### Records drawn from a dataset
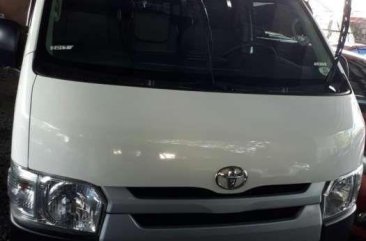 2017 Toyota Hiace Commuter 3.0 Manual transmission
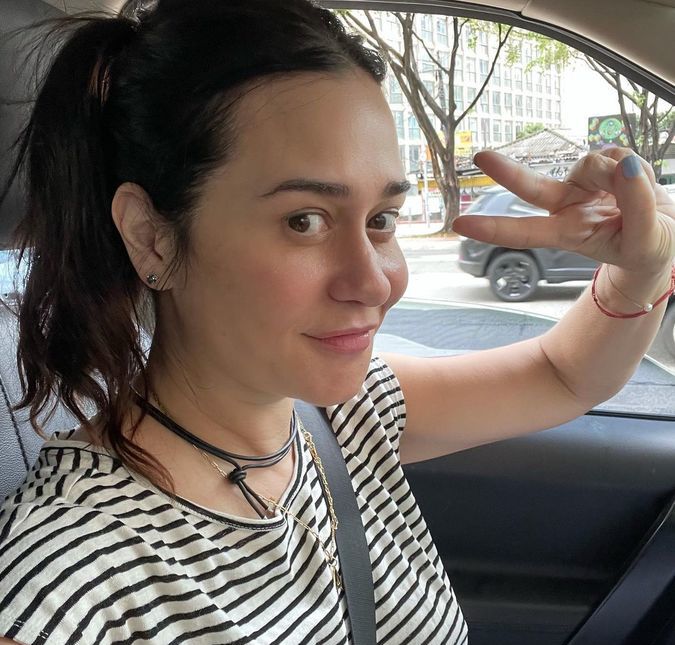 Sem carnaval, Alessandra Negrini passa o feriado no <i>mato: Pé na estrada</i>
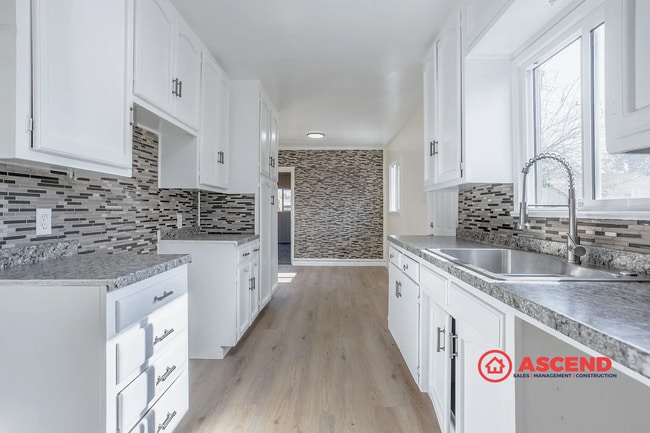 Building Photo - Charming 4 Bedroom Home!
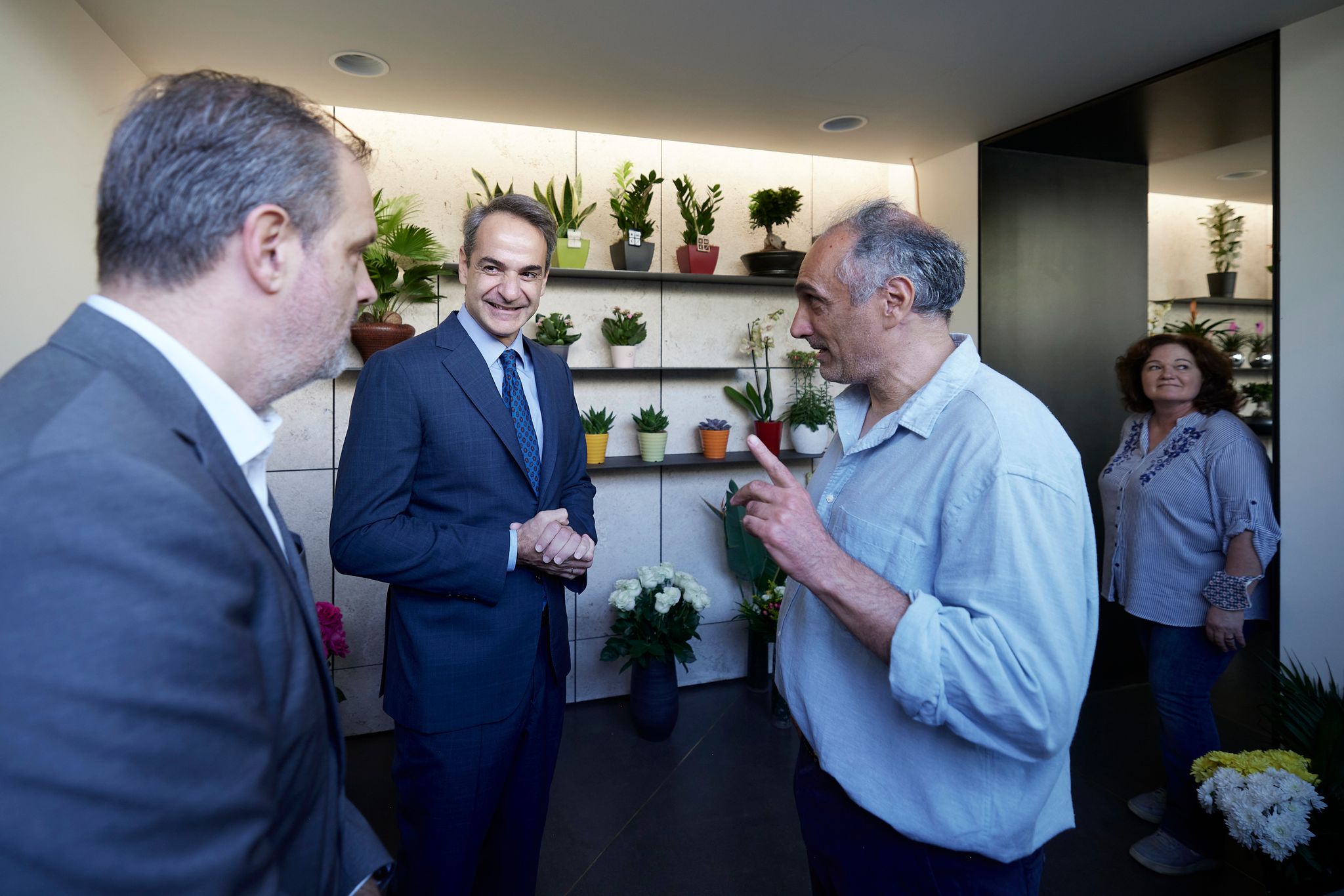 Εγκαίνια λουλουδάδικων της Βουλής από το Μητσοτάκη: Χώρος ταυτισμένος από την ιστορική μνήμη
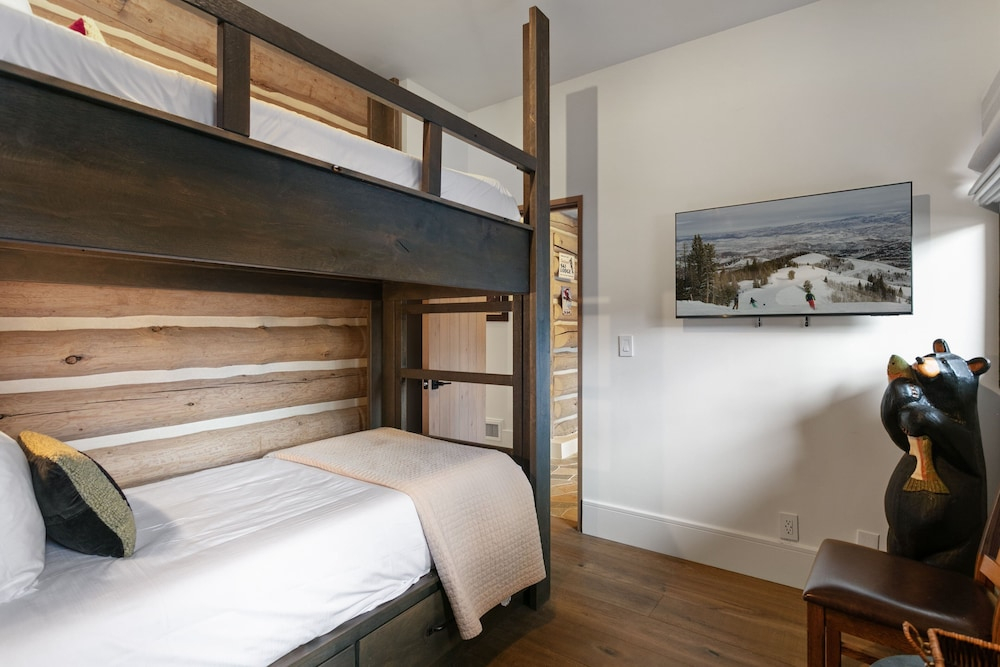 Pine Inn 9 - Two Bedroom with Spa Trail's End Lodge 2 Condo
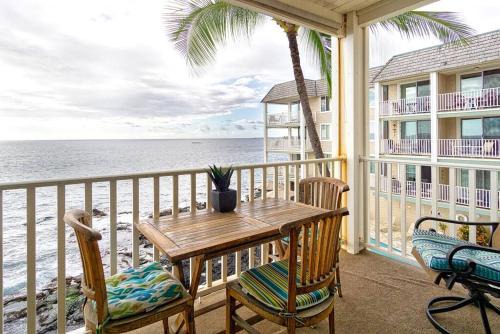 Kailua-Kona House | Oceanfront Condo to Enjoy Sea Breeze and Sunset on Lanai which hangs over the ocean! - Hale Kona Kai 305
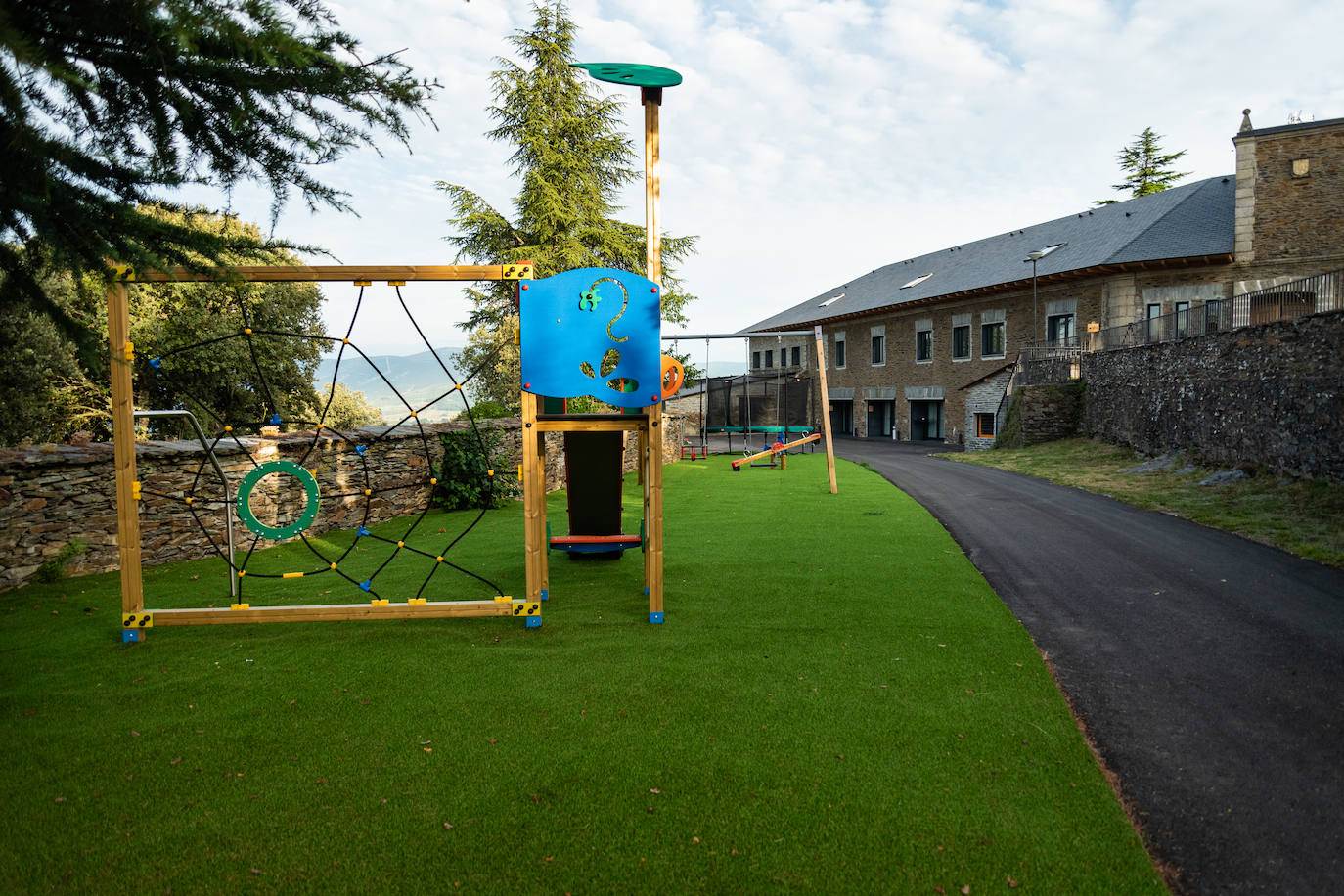 Ideal para una escapada en pareja o en familia, The Rock Suites&Spa ofrece un lugar idílico, un perfecto mirador hacia El Bierzo y unas instalaciones de auténtico lujo para disfrutar de momentos inolvidables.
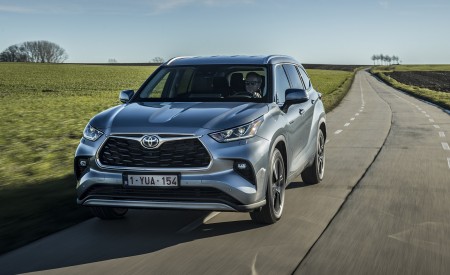 2021 Toyota Highlander Hybrid (Euro-Spec) Front Wallpapers 450x275 (18)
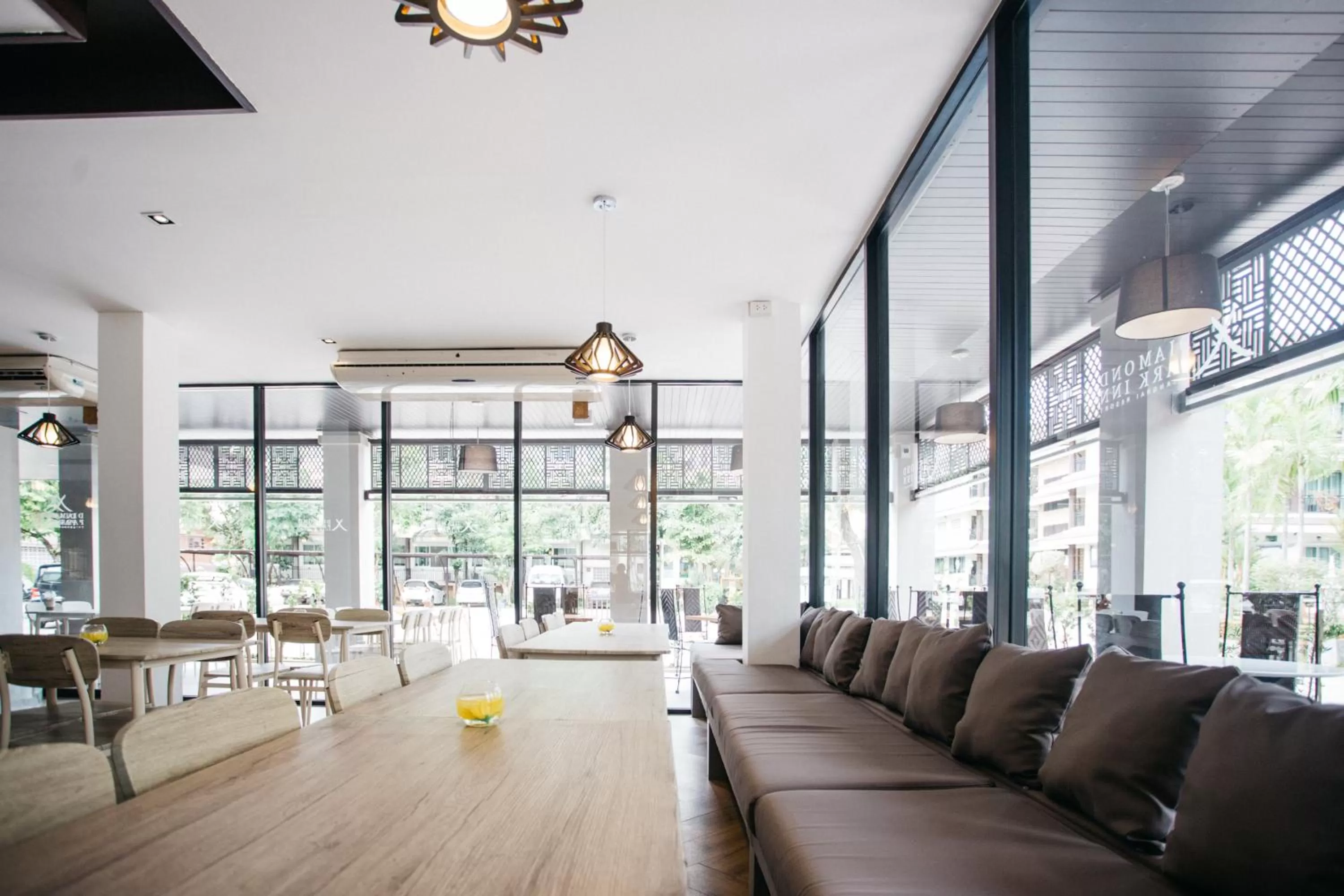 Restaurant/places to eat in Diamond Park Inn Chiangrai & Resort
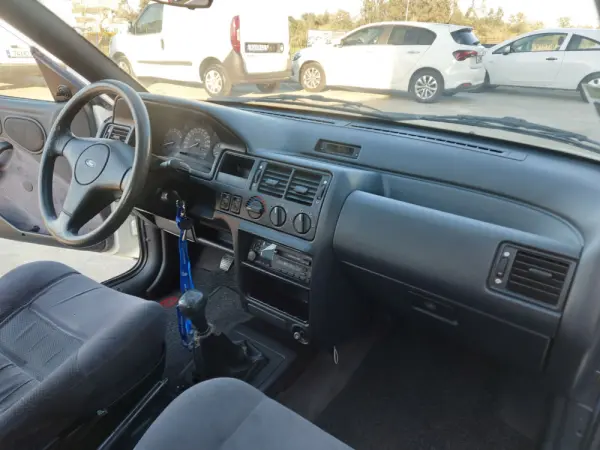 Ford Escort Cabrio 1.4 Luxury 12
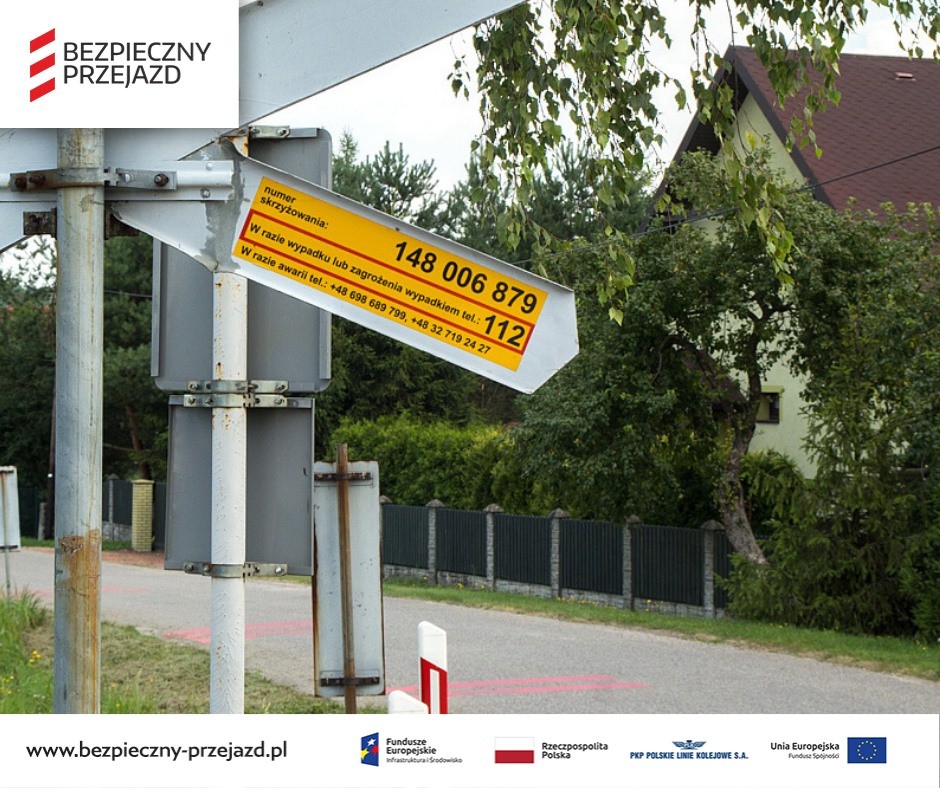PKP PLK. Nie ma wakacji od bezpieczeństwa na przejazdach kolejowych.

### Instructions to follow
The answer must be the lines above from the one containing "Ideal para una" through the one containing "Ford Escort Cabrio 1.4 Luxury 12", reproduced exactly, with no pictures and nothing else.

### Exercise solution
 Ideal para una escapada en pareja o en familia, The Rock Suites&Spa ofrece un lugar idílico, un perfecto mirador hacia El Bierzo y unas instalaciones de auténtico lujo para disfrutar de momentos inolvidables.
 2021 Toyota Highlander Hybrid (Euro-Spec) Front Wallpapers 450x275 (18)
 Restaurant/places to eat in Diamond Park Inn Chiangrai & Resort
 Ford Escort Cabrio 1.4 Luxury 12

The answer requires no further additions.